- Provided data -
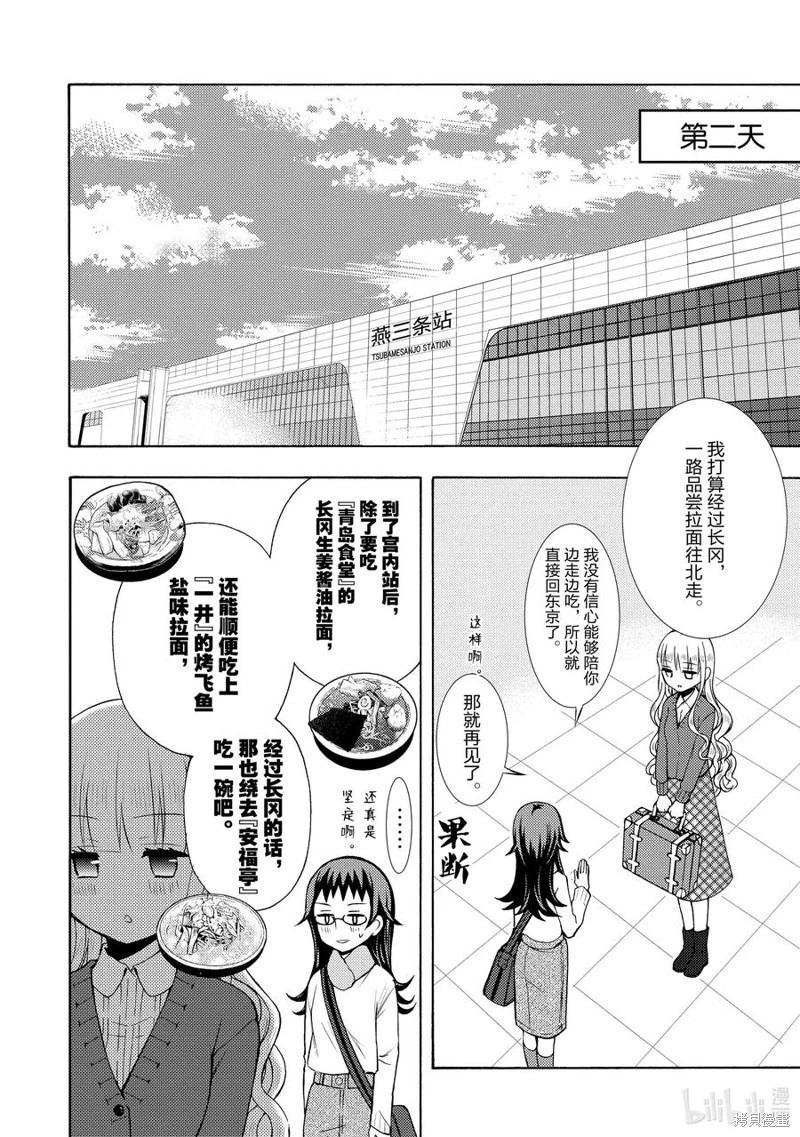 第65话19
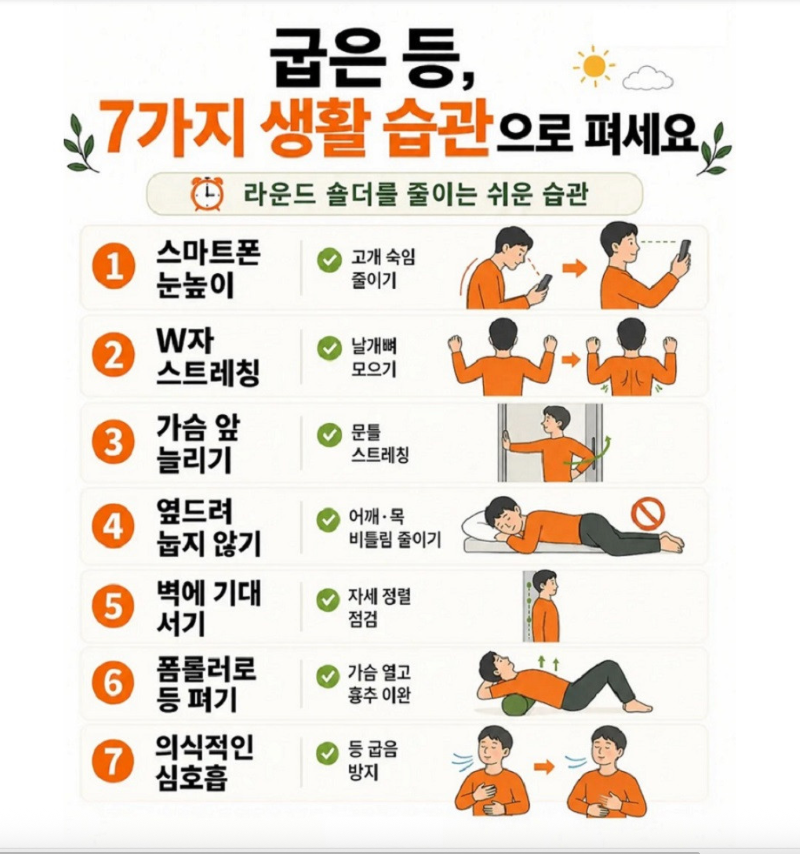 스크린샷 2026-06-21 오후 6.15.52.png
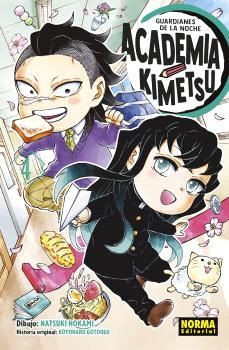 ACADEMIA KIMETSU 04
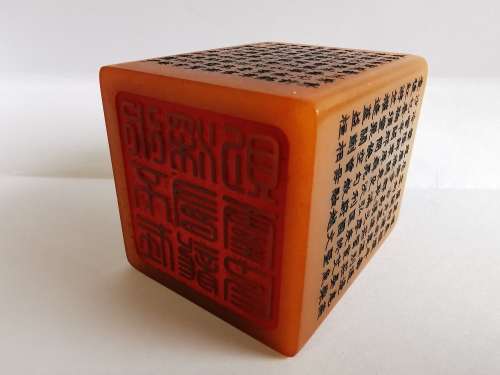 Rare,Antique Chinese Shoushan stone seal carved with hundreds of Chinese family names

* * *

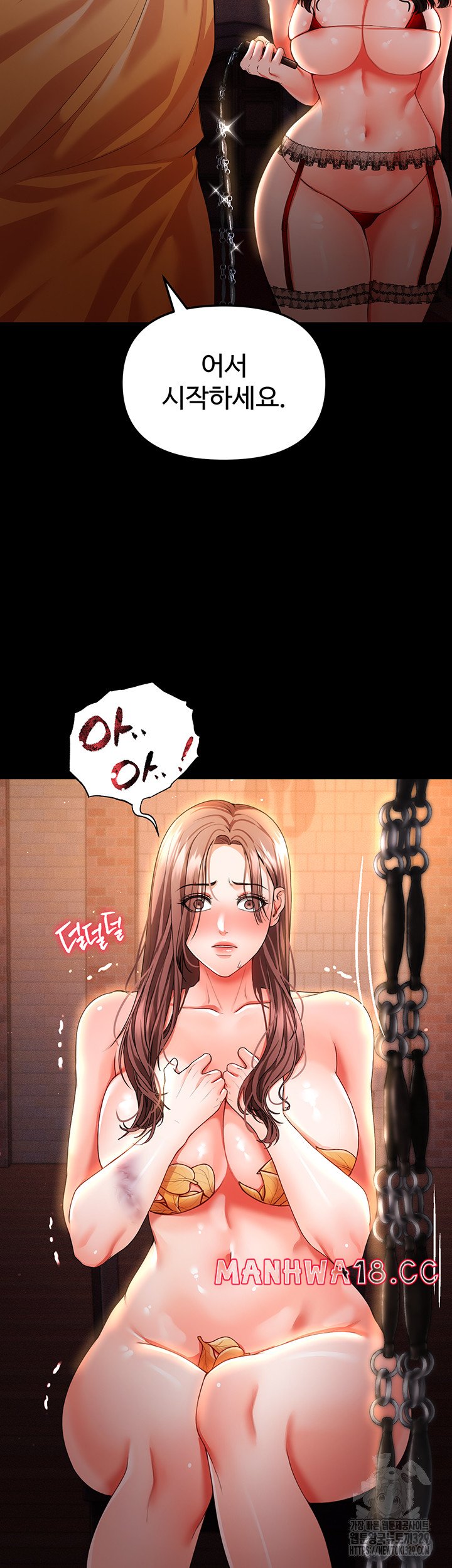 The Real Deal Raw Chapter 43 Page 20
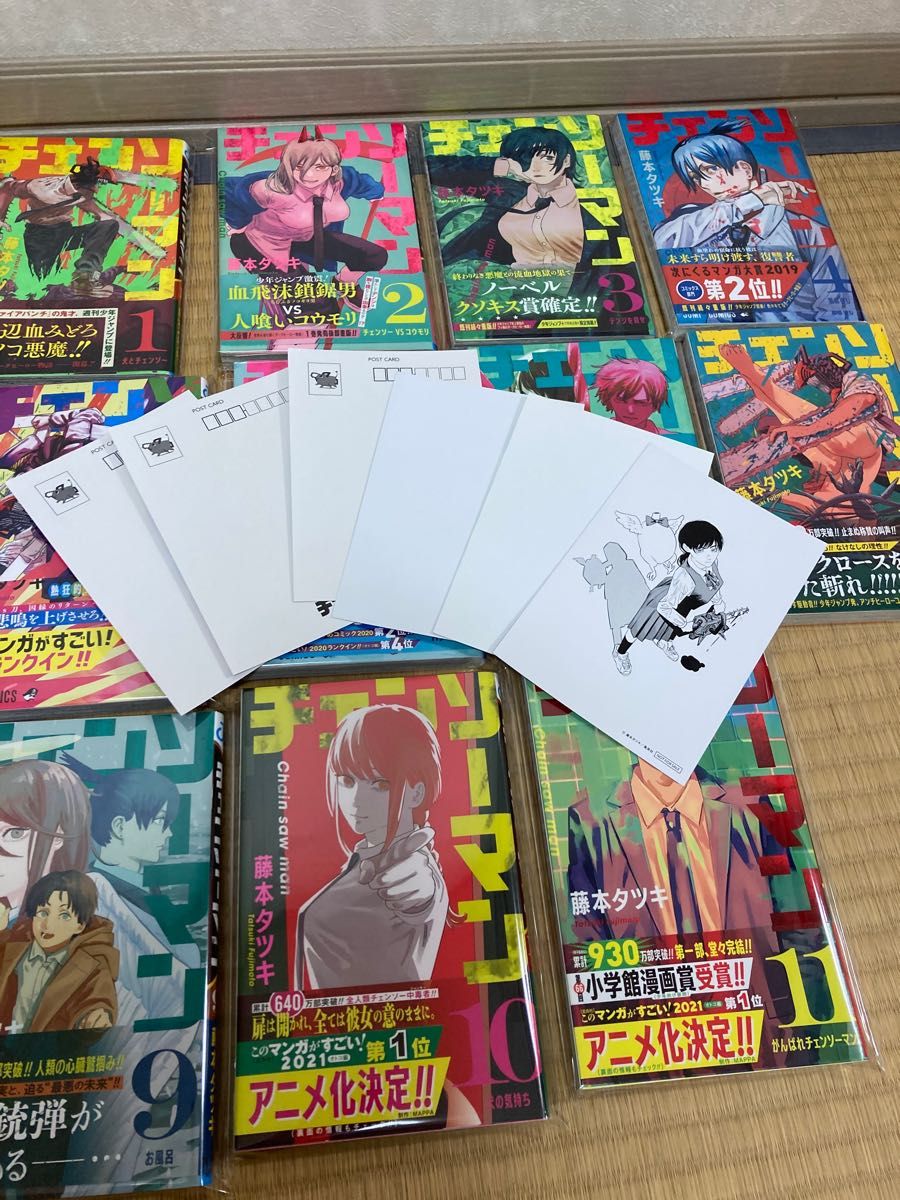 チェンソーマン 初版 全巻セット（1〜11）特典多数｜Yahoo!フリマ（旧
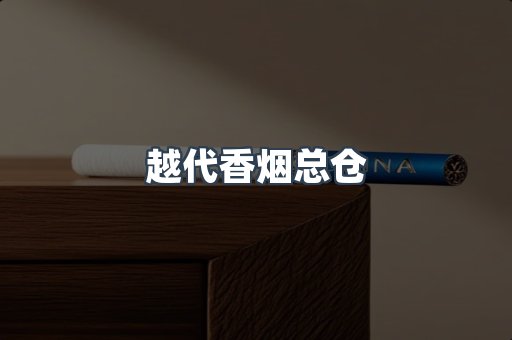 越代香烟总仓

==

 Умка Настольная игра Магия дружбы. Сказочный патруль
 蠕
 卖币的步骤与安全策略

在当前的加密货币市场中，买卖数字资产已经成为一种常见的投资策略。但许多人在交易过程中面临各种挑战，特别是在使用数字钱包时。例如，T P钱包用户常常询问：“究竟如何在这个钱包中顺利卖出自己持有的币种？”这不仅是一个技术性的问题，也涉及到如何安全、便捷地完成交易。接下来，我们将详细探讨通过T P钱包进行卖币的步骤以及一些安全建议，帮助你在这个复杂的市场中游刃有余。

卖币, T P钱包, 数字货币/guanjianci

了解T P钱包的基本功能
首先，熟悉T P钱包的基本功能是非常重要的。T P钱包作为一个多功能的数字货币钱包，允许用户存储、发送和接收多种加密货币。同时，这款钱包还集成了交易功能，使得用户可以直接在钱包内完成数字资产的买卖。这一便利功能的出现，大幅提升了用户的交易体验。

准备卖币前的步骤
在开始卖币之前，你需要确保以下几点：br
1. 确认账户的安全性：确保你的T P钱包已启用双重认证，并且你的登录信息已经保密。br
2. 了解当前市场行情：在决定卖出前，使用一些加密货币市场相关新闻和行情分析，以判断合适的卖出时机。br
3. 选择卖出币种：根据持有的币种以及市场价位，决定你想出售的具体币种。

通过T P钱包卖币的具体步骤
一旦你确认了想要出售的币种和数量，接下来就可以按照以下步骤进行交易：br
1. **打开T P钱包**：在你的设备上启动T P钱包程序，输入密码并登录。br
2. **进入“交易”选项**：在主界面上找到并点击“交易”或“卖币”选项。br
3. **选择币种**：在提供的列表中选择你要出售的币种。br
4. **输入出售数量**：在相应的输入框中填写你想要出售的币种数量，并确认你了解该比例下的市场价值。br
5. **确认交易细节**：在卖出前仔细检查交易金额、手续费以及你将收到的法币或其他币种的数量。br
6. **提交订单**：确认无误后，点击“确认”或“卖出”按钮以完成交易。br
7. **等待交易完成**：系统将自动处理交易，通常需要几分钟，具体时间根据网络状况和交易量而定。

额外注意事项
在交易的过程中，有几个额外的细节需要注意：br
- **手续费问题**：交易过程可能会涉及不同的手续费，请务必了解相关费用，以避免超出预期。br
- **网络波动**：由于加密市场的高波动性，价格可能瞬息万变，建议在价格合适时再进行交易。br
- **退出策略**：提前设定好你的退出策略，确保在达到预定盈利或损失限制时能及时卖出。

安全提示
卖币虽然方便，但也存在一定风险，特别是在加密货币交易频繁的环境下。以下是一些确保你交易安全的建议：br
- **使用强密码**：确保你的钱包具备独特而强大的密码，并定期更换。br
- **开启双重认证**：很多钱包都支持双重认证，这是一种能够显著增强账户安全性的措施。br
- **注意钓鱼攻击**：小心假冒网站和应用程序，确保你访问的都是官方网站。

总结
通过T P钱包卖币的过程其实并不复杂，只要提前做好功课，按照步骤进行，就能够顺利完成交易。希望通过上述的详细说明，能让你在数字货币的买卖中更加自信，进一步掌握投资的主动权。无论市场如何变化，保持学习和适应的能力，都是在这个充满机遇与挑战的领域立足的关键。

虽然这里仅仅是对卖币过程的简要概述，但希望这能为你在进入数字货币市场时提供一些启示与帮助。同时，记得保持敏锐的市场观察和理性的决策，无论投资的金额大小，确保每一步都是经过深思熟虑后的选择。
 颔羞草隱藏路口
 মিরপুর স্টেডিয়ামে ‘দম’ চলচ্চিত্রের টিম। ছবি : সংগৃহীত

- Work instructions -
Take the line above containing "通过T P钱包卖币的具体步骤", the line containing "- **网络波动**：由于加", and all lines in between, and copy them exactly without anything else.

- Exercise solution -
通过T P钱包卖币的具体步骤
一旦你确认了想要出售的币种和数量，接下来就可以按照以下步骤进行交易：br
1. **打开T P钱包**：在你的设备上启动T P钱包程序，输入密码并登录。br
2. **进入“交易”选项**：在主界面上找到并点击“交易”或“卖币”选项。br
3. **选择币种**：在提供的列表中选择你要出售的币种。br
4. **输入出售数量**：在相应的输入框中填写你想要出售的币种数量，并确认你了解该比例下的市场价值。br
5. **确认交易细节**：在卖出前仔细检查交易金额、手续费以及你将收到的法币或其他币种的数量。br
6. **提交订单**：确认无误后，点击“确认”或“卖出”按钮以完成交易。br
7. **等待交易完成**：系统将自动处理交易，通常需要几分钟，具体时间根据网络状况和交易量而定。

额外注意事项
在交易的过程中，有几个额外的细节需要注意：br
- **手续费问题**：交易过程可能会涉及不同的手续费，请务必了解相关费用，以避免超出预期。br
- **网络波动**：由于加密市场的高波动性，价格可能瞬息万变，建议在价格合适时再进行交易。br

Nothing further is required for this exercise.